L’article 6 (2) du PIDCP dispose que : « Dans les pays où la peine de mort n’a pas été abolie, une sentence de mort ne peut être prononcée que pour les crimes les plus graves, conformément à la législation en vigueur au moment où le crime a été commis et qui ne doit pas être en contradiction avec les dispositions du présent Pacte ni avec la Convention pour la prévention et la répression du crime de génocide. Cette peine ne peut être appliquée qu’en vertu d’un jugement définitif rendu par un tribunal compétent. »

L’Iran n’a jamais signé le deuxième Protocole facultatif se rapportant au PIDCP visant à abolir la peine de mort ; il a voté contre toutes les résolutions de l’Assemblée générale des Nations Unies qui ont suivi et réclamaient un moratoire sur le recours à la peine de mort. La dernière résolution date de décembre 2010.

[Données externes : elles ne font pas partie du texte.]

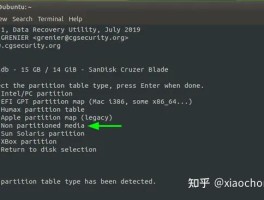 包含微信授权头像昵称删除怎么恢复呢苹果手机的词条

Les organisations de défense des droits de l’Homme, y compris les six qui se sont associées à la présente déclaration, ont consigné de nombreuses atteintes aux droits de l’Homme commises au cours des détentions et des procès. Ces violations sont notamment d’ordre psychologiques et physiques allant jusqu’à la torture pour obliger les détenus à « avouer » leurs infractions supposées ou au placement prolongé en isolement, sans accès aux avocats.

En outre, les tribunaux révolutionnaires tiennent la plupart des audiences à huis clos, en dépit d’une disposition de l’article 168 de la Constitution iranienne qui établit que les procès pour des délits « politique » ou des délits de « presse » devraient être publics.

Dans de nombreuses affaires, comme celle de Mme Zahra Bahrami, les avocats des condamnés à mort sont informés de l’exécution de leurs clients après qu’elle a eu lieu, alors qu’ils devraient légalement en être informés 48 heures à l’avance.